Athens, Greece, September 25, 2018 — Asylum seekers living at Moria, the reception and identification centre for new arrivals to Lesbos, are contemplating suicide in alarming numbers. So says the International Rescue Committee in “Unprotected, Unsupported, Uncertain: Recommendations to improve the mental health of asylum seekers on Lesbos,” a briefing released today which outlines steps that need to be taken, urgently, to address the escalating mental health needs of those who reside at Moria.
The majority of those being hosted at Moria are refugees from Syria,Iraq and Afghanistan. They are fleeing conflict. Already deeply traumatized by what they have experienced in their homes and along the treacherous journey to Europe, conditions at Moria only exacerbate that trauma.
Moria is dangerously overcrowded. It has the capacity for 3,100 people, and yet currently hosts over 8,500. Asylum seekers are expected to live in conditions which do not meet humanitarian standards. Approximately eighty-four people share one shower. Approximately seventy-two people share one toilet. The sewage system is so overwhelmed that raw sewage has been known to reach the mattresses where children sleep, and flows untreated into open drains and sewers. Fights are a daily occurrence. Riots, which force refugees to flee the site, happen far too often. Women are particularly vulnerable and do not feel safe.
And that is only part of it.
From health care to legal aid, every service provider at Moria is overwhelmed and does not have adequate staffing to support the needs of those who reside there. Asylum seekers must wait months, if not over a year, to have their asylum claims heard. Information is erratic at best. Staff have walked off the job more than once, such is their objection to working conditions.

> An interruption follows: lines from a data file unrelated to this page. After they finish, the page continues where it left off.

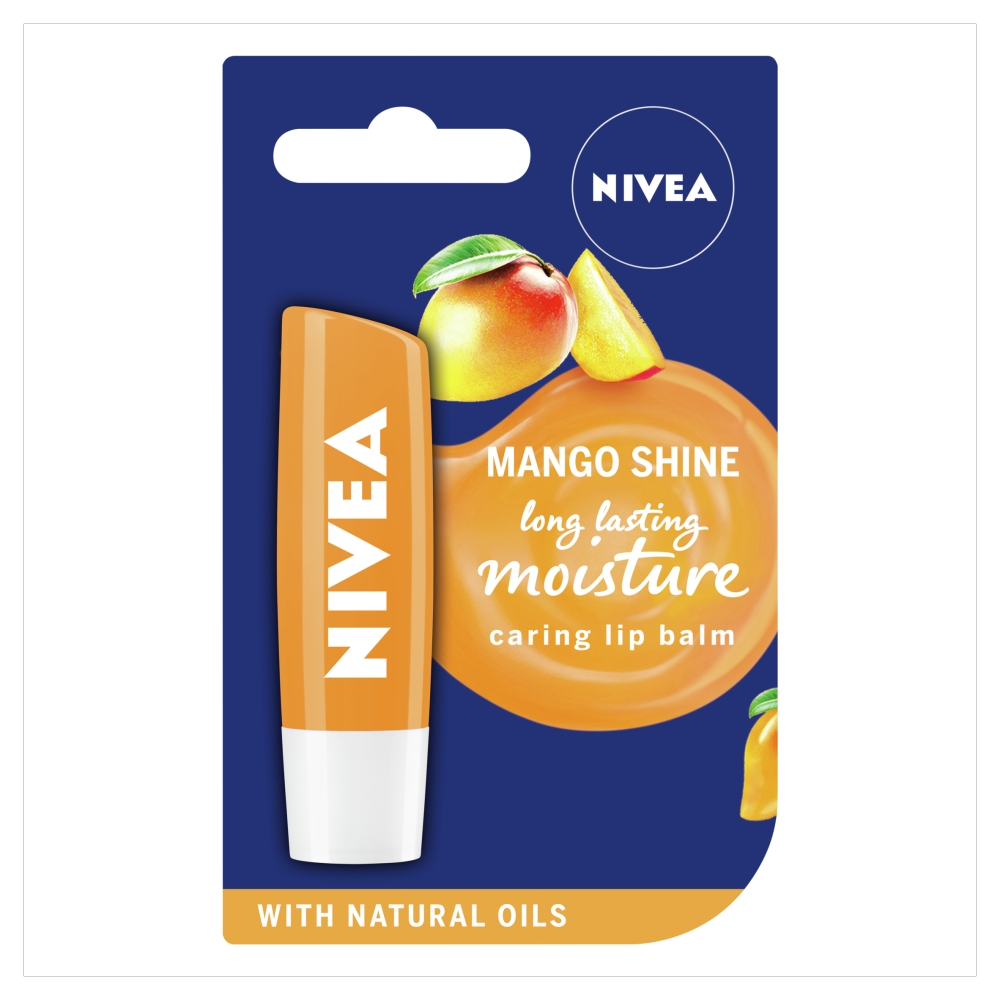 Nivea Lip Mango Shine 5.5ml Image 1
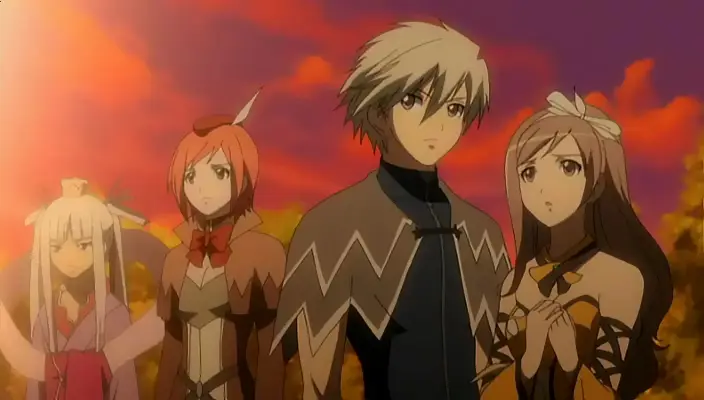 Keindahan alam dalam anime Shining Tears X Wind Pemandangan indah dari anime Shining Tears X Wind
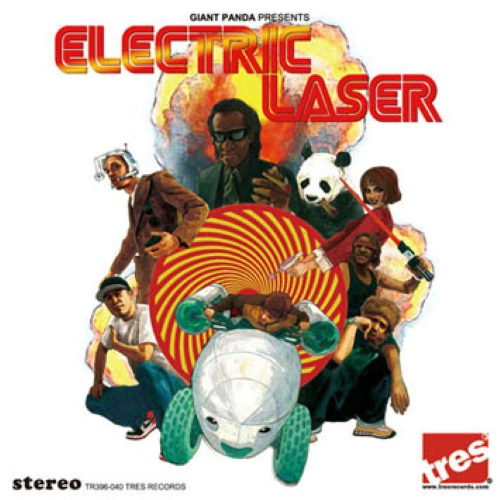 Giant Panda - Electric Laser | CD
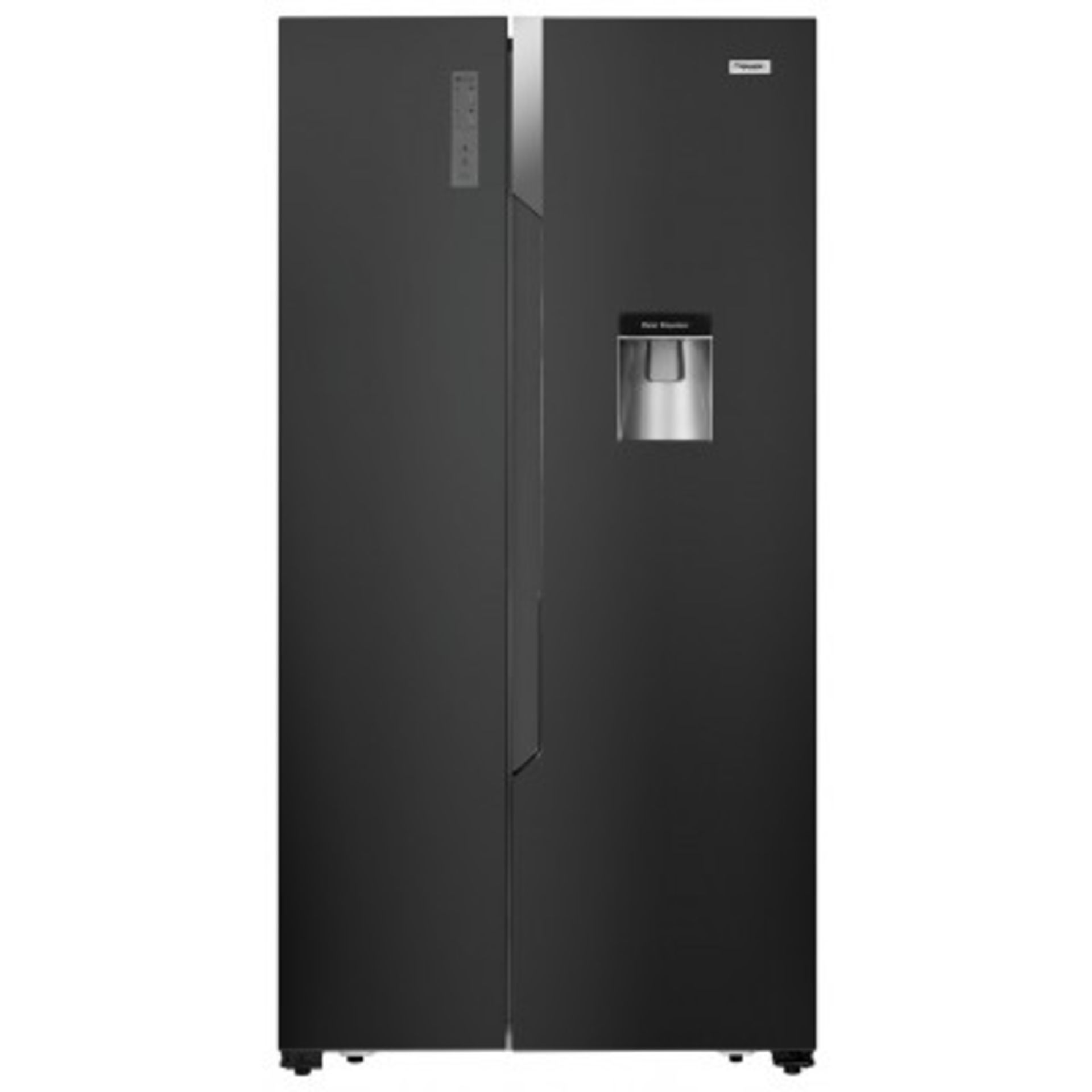 + VAT Grade A/B Fridgemaster MS91515BFF American Style Fridge Freezer - A+ Energy Rating - Frost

Mental health support at Moria is limited. There are only 5 psychologists operating inside Moria and they find it difficult to work in these conditions. Limited to one container, private counselling sessions are next to impossible. Staffing does not come close to meeting the need.
The IRC, which has been responding on the island of Lesbos since July 2015, opened a mental health centre for residents of Moria in March of this year. Almost thirty percent of our clients have attempted suicide either before or since arriving on Lesbos. Sixty percent of our clients have considered suicide. Our work is impeded by the fact that our clients must return to Moria once they have attended our centre.
Moria is “moral torture,” one client told us. “It is a humanitarian catastrophe.” An Iraqi father who resides at Moria attempted suicide the day before we met him. Although he is traveling with four children he told us: “I forgot about my children in this moment.” A Syrian mother who had escaped Ghouta with her young family told us that she desperately would like to see a psychologist. “I saw a lot of people die in front of my eyes. I was so afraid for my daughters,” she says. Her youngest daughter was injured in a chemical attack on Ghouta, Syria. The family spent five months apart as they waited for her to recover, physically. The psychological impact of what she has been through is unknown.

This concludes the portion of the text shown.